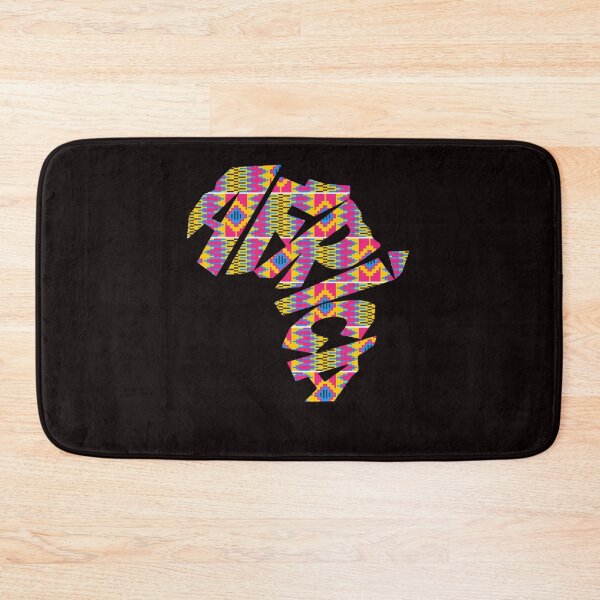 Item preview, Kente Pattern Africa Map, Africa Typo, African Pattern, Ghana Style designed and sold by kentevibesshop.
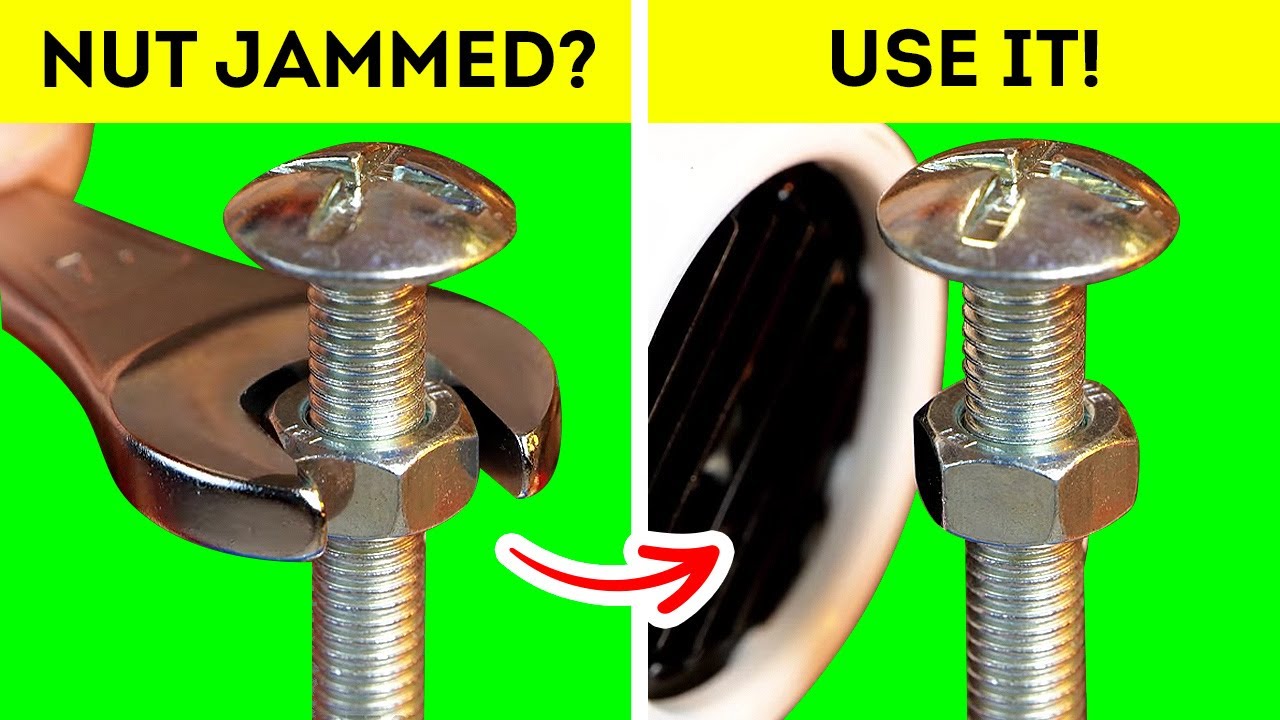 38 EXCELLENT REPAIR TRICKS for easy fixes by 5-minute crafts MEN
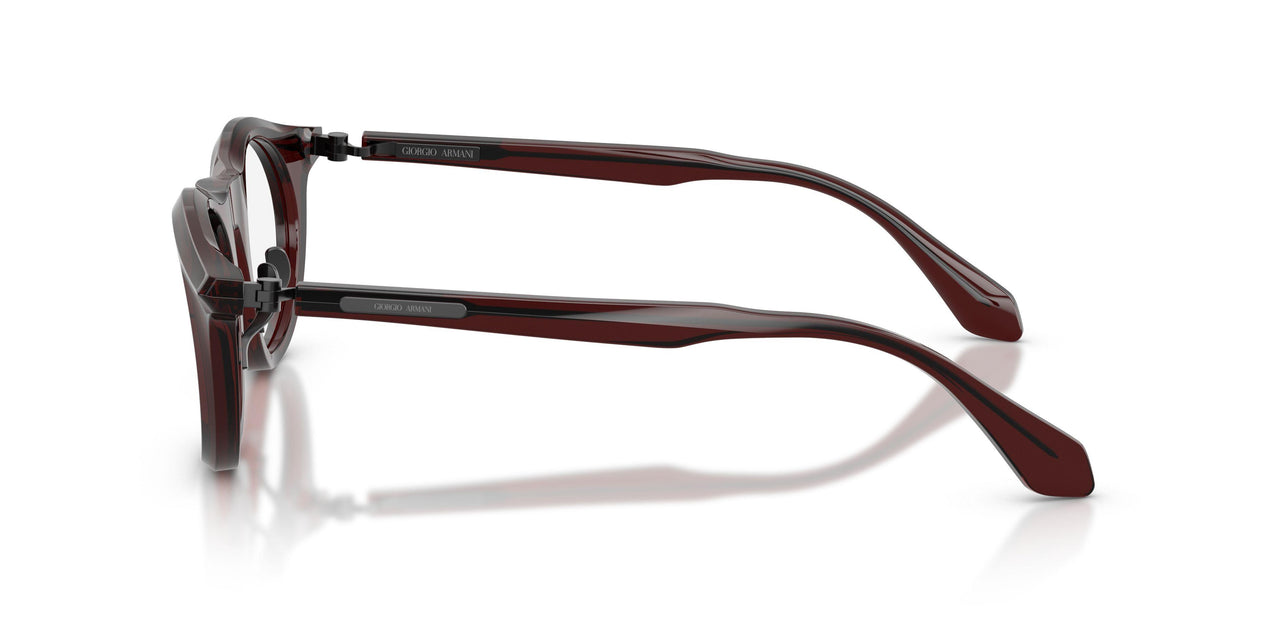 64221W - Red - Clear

* * *

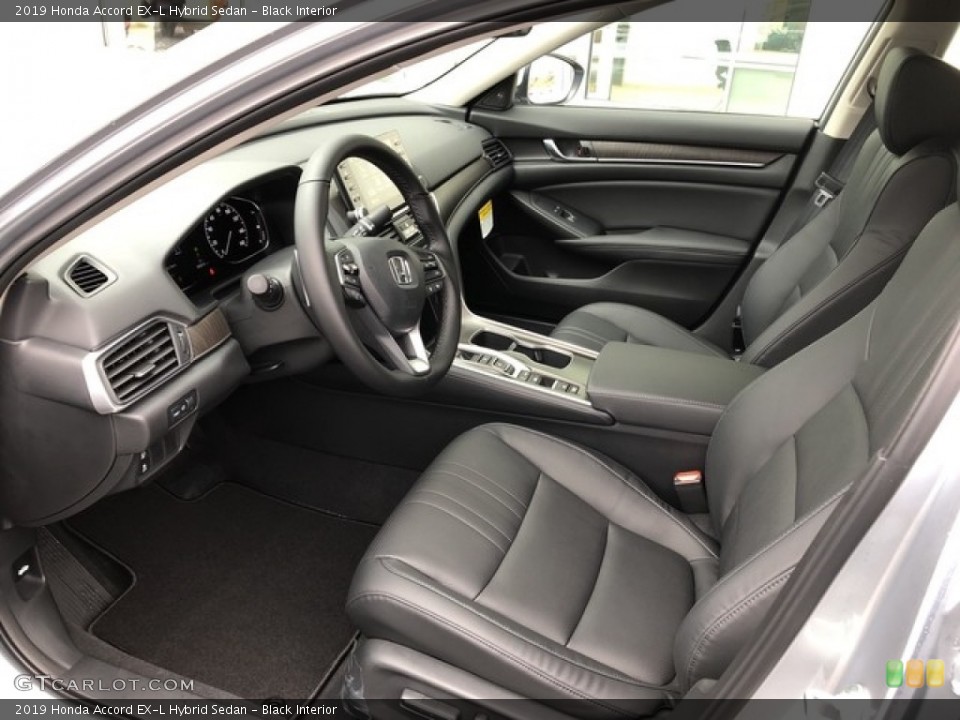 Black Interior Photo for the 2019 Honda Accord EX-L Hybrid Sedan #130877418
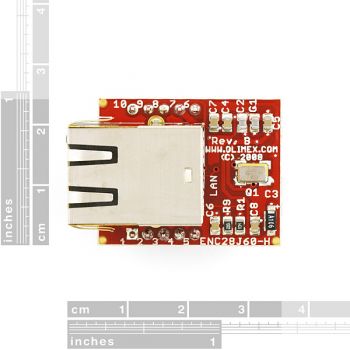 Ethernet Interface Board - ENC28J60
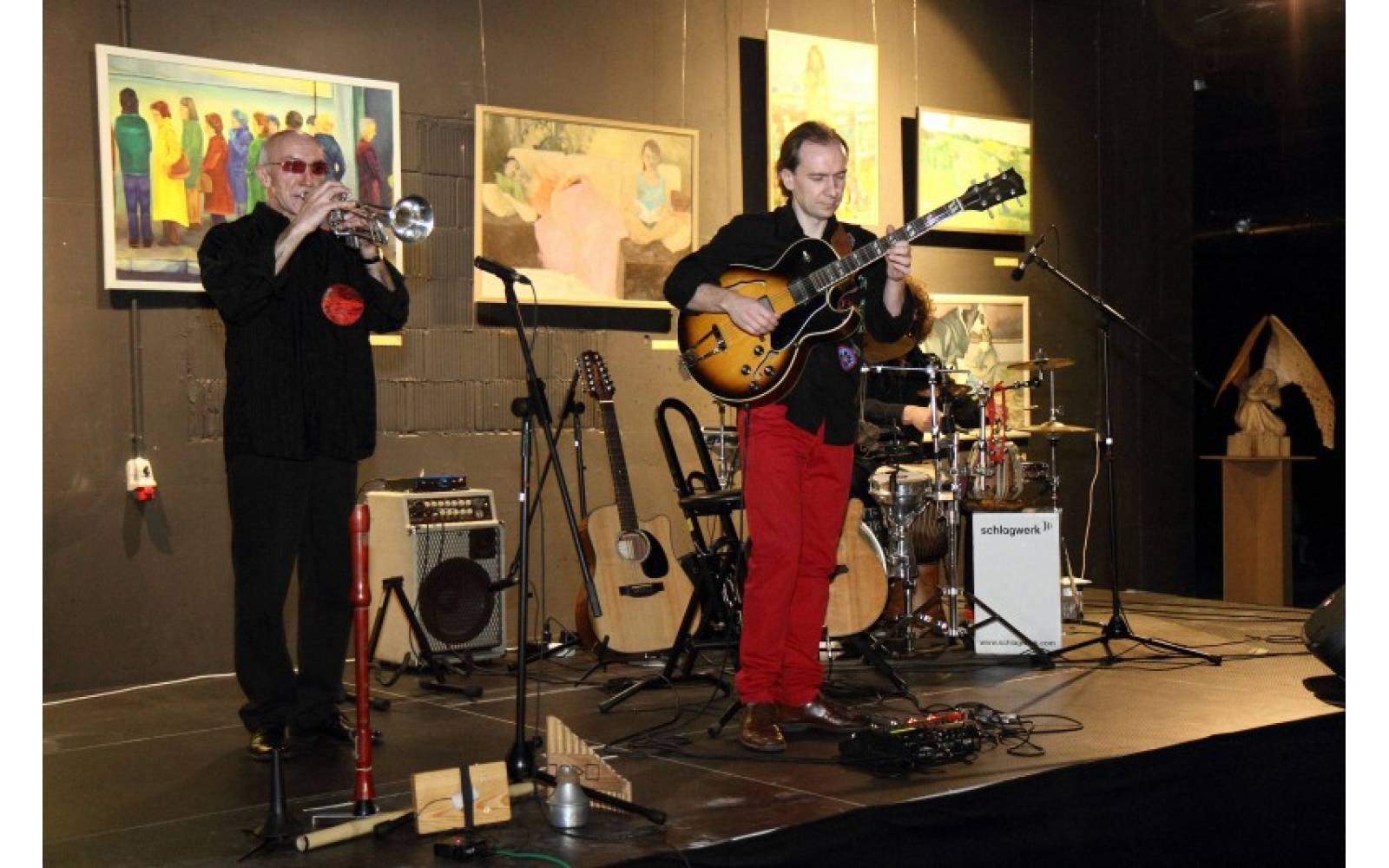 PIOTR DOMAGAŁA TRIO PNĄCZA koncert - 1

* * *

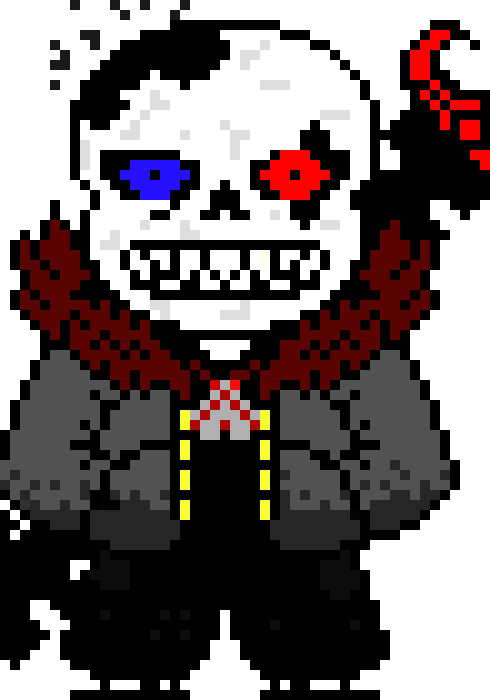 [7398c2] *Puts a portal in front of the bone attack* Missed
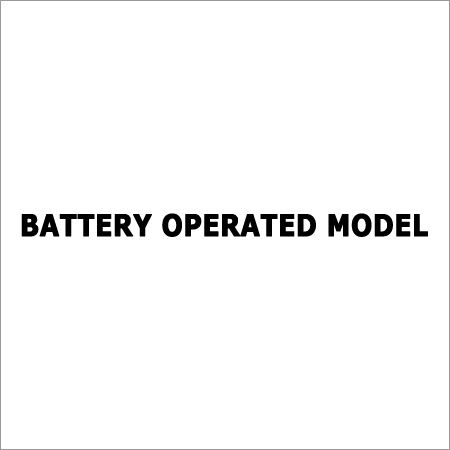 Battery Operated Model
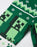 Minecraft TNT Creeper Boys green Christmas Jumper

* * *

Your objective
What you need to produce is an exact copy of the entries above, limited to the lines from the one with "Item preview, Kente" up to and including the one with "64221W - Red - Clear", without pictures.

Reply to the exercise
 Item preview, Kente Pattern Africa Map, Africa Typo, African Pattern, Ghana Style designed and sold by kentevibesshop.
 38 EXCELLENT REPAIR TRICKS for easy fixes by 5-minute crafts MEN
 64221W - Red - Clear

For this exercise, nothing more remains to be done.